Je suis rentrée de Cerisy reposée, avec une envie de déménager. Pour la première fois depuis une éternité (depuis combien d'années, en fait? avant la construction de l'autoroute passant par Vierzon), j'avais dormi une semaine dans des nuits silencieuses et noires. Point de routes, point de lampadaires. Le froid lui-même, que j'avais redouté, était accueillant, le corps s'adaptait sans effort à l'air frais mais propre.
Et moi qui m'étonnais il n'y a pas si longtemps d'être devenue si citadine, je me suis aperçue que c'était faux: ce dont je n'ai pas envie, c'est de la demie-ville, la ville avec tous les inconvénients de la ville sans ses avantages, ses cinémas, ses expositions, ses conférences, ses concerts, ses bibliothèques...
Mais j'appartiens à la vraie campagne, à la solitude, sans voiture et sans lampadaire.
J'ai envie d'y retourner. Quand et où? (La Sologne? Les bords de Loire? Le Nivernais?
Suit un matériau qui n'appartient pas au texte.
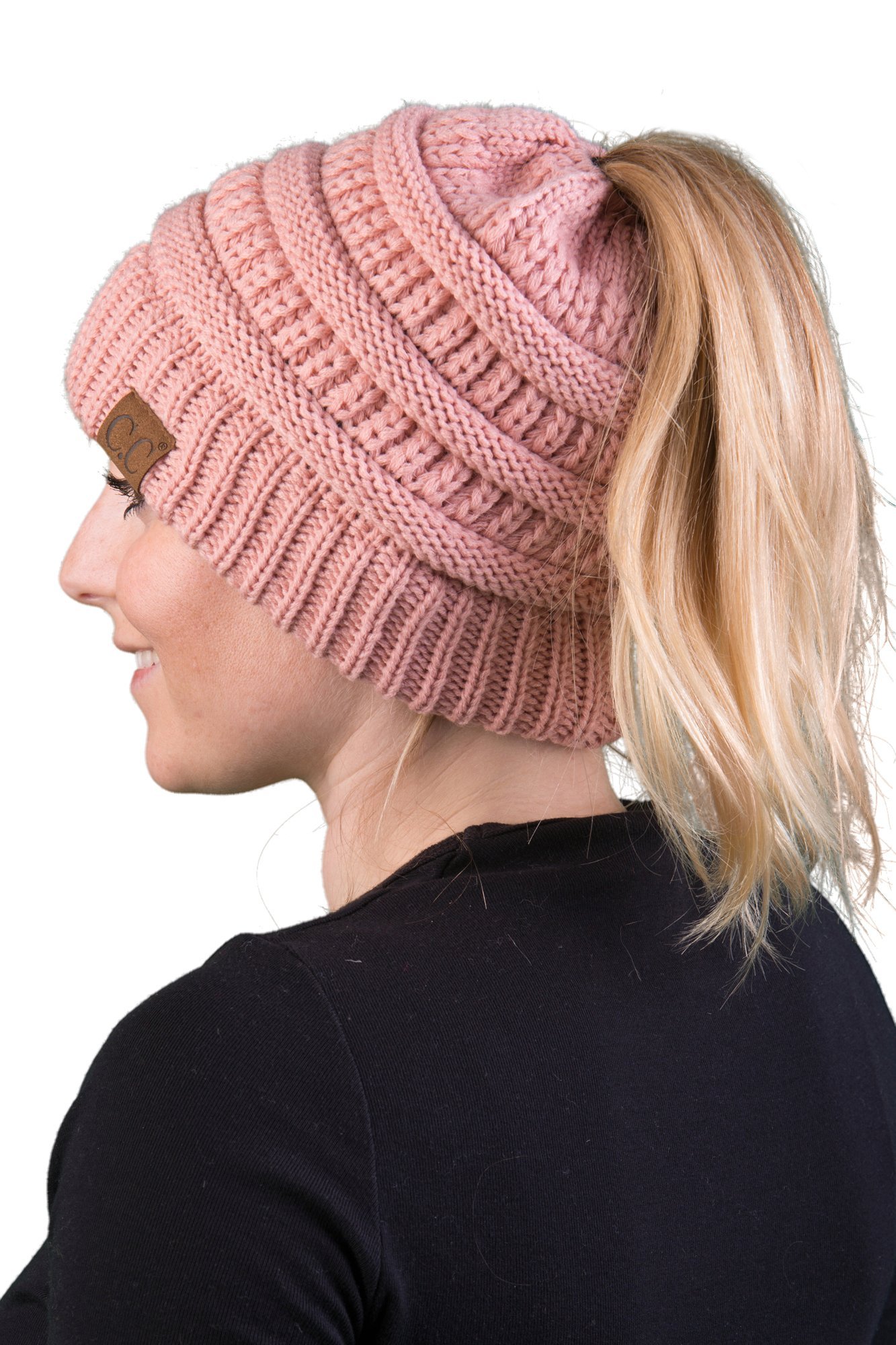 Funky Junque Matching Ponytail Beanie & Infinity Scarf Set (Pack of 2) - Indi Pink | Winter Accessories for Women, Cozy Outfit Combo for Cold Weather Fashion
Le plateau de Langres?)

Dimanche, en sortant de la voiture à l'orée d'un bois, l'odeur et la nuit m'ont brutalement rappelé la ferme de ma grand-mère. Sept ans qu'elle est morte et ça ne passe pas. Pire, cela semble revenir. Dieu qu'elle me manque, mes souvenirs sont si vivants qu'il me semble les ressentir physiquement.